▶ Task inputs:
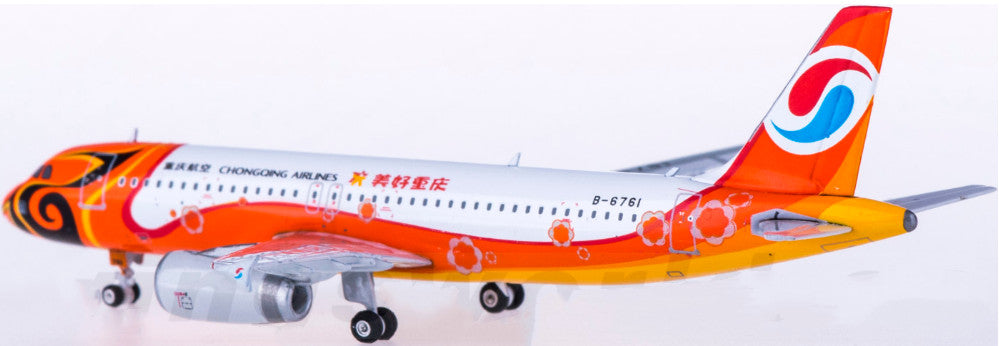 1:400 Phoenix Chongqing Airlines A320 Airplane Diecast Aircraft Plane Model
* * *
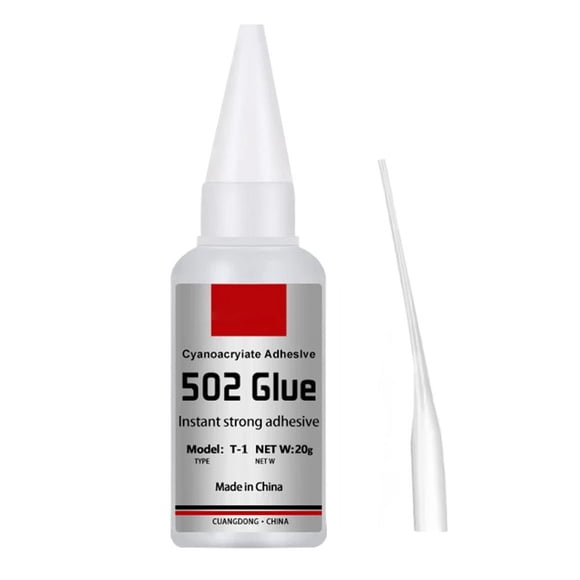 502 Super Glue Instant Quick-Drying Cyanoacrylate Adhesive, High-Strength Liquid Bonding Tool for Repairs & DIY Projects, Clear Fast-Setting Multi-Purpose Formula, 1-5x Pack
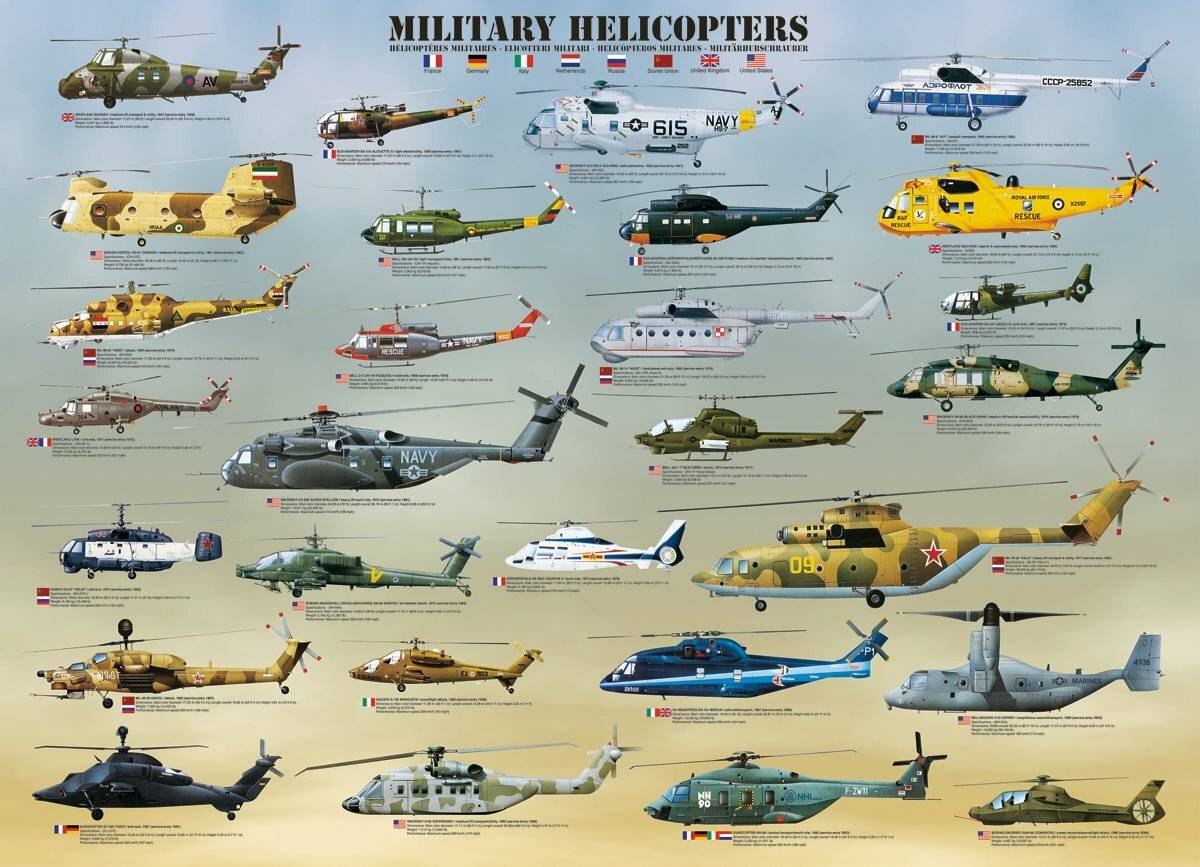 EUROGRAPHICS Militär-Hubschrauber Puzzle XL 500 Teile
* * *
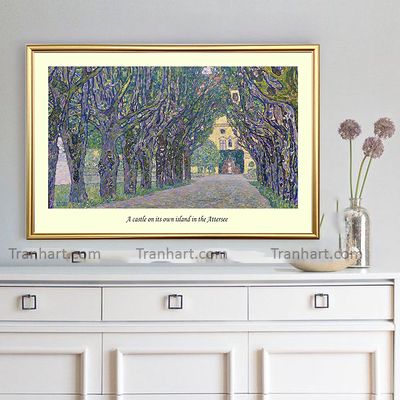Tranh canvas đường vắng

▶ Exercise prompt:
Respond with the exact lines above running from the one containing "502 Super Glue" to the one containing "EUROGRAPHICS Militär-Hubschrauber Puzzle", both ends kept and no pictures included.

▶ Task response:
 502 Super Glue Instant Quick-Drying Cyanoacrylate Adhesive, High-Strength Liquid Bonding Tool for Repairs & DIY Projects, Clear Fast-Setting Multi-Purpose Formula, 1-5x Pack
 EUROGRAPHICS Militär-Hubschrauber Puzzle XL 500 Teile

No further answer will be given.